About this task »
Word for word, and without a single picture, repeat the entries.

Image-caption web data

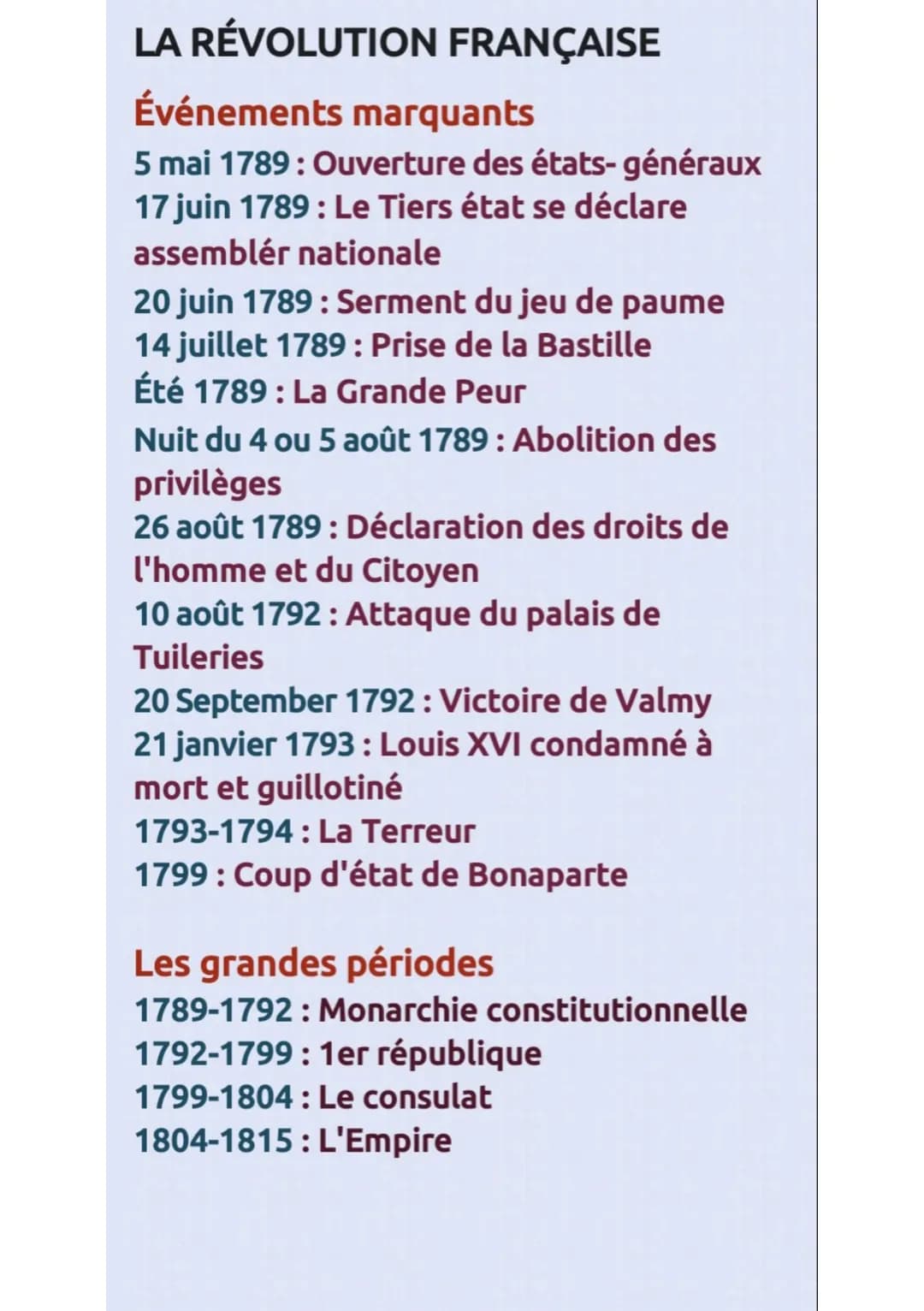 LA RÉVOLUTION FRANÇAISE
Événements marquants
5 mai 1789: Ouverture des états-généraux
17 juin 1789: Le Tiers état se déclare
assemblér natio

Answer box »
 LA RÉVOLUTION FRANÇAISE
Événements marquants
5 mai 1789: Ouverture des états-généraux
17 juin 1789: Le Tiers état se déclare
assemblér natio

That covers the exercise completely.